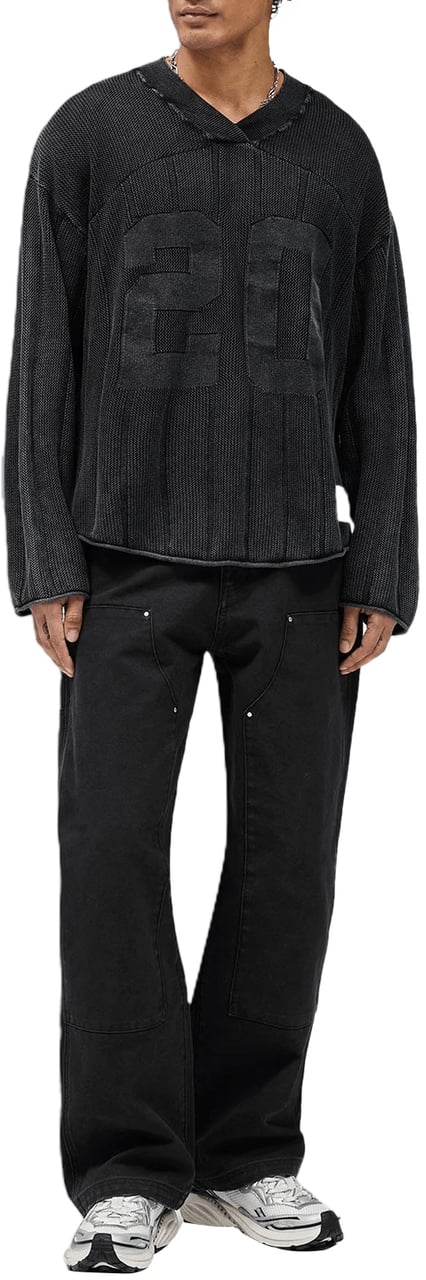 Represent GEBREIDE VARSITY-SHIRT GRIJS Donkergrijs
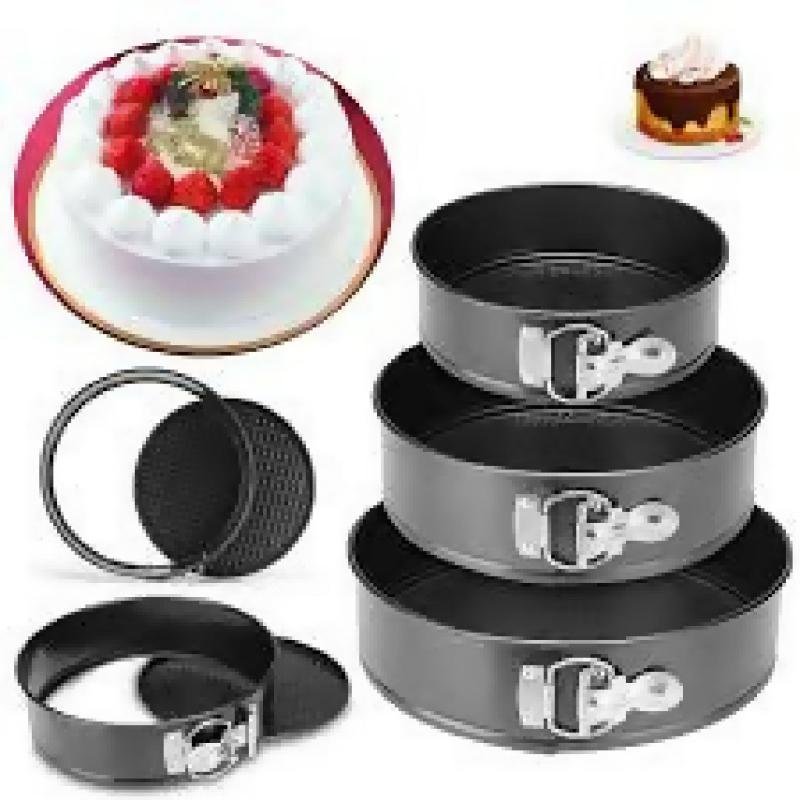 3pcs Round Cake Baking Mold Tin Tray Pan Bakeware Kit Kitchen DIY Desserts Baking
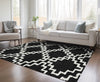 Piper Looms Chantille Diamonds ACN902 Black Machine Washable Area Rug Lifestyle Image Feature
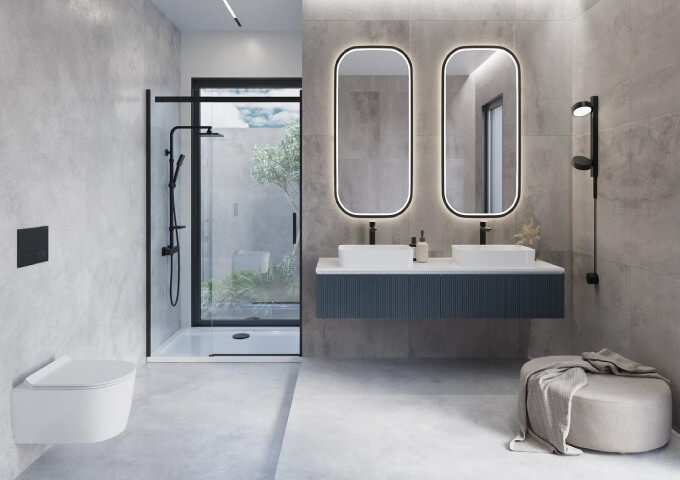 Modernes weißes Badezimmer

The problem:
Repeat the listing word for word, and skip every picture it contains.

Solution:
 Represent GEBREIDE VARSITY-SHIRT GRIJS Donkergrijs
 3pcs Round Cake Baking Mold Tin Tray Pan Bakeware Kit Kitchen DIY Desserts Baking
 Piper Looms Chantille Diamonds ACN902 Black Machine Washable Area Rug Lifestyle Image Feature
 Modernes weißes Badezimmer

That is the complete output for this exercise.